JESAコラム 第80回
シェアリングエコノミーその3
シェアリングエコノミー認証制度
元東海大学教授 片岡信弘
シェアリングエコノミーその1では、その全体像について説明し、その2では分類と事例について説明しました。今回、その3では、シェアリングエコノミー認証制度について説明いたします。
- 認証制度の必要性
シェアリングエコノミーは、知らない人同士の取引です。仲介する業者は、この知らないもの同士の取引で問題が発生しないように手立てを講じる必要があります。そこでの必要事項は次のような項目です。
- 安全な取引ができる環境を作る
- 信頼とか信用のための情報を開示する仕組みを作る
- 取引するもの同士の責任を明確とする
- 持続的な取引ができる環境を作る
これらのことに仲介業者が対応しているかを第3者が評価する必要があります。これがシェアリングエコノミー認証制度です。
- 認証制度の概要
内閣官房IT総合戦略室がモデルガイドライン設定しています。これをベースにシェアリングエコノミー協会が仲介業者の守るべきルールとして詳細化しました。このルールが守られているかどうかどうかを審査委員がチェックリストにより確認し認証がされます。認証の手順は以下です。

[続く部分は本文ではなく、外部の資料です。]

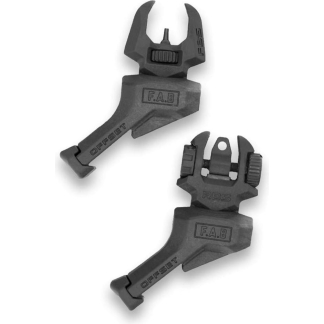 Two black FAB-offset components with adjustable jaws, labeled OFFSET and F.A.B, on a white background.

- シェアリングエコノミー協会に対して各企業から申請を行い、協会の審査委員がチェックリストに基づき認証する。
- 認証を受けた仲介企業は認証マークをHPに掲載することができる。
これを図1に示します。また、認証マークを図2に示します。
現代、シェアリングエコノミー協会参加の多くの仲介業者が認証を取っています。
図1 認証の仕組み
図2 認証マーク
- 具体的な認証項目
認証時にチェックを行なう項目は100項目以上になります。主立った項目をリストアップすると次のようになります。
- 安全であること
- ・公序良俗違反行為,権利侵害の禁止
- ・子供対像のサービスでは保護者が提供者の信用の確認を可能とする
- ・虚偽や利用規約に反するものの削除
- 信頼・信用の見える化
- ・提供者本人確認,連絡手段の明確化
- ・利用規約の重要項目の別表示(多数の利用規約に埋没してしまわないよう別表示する)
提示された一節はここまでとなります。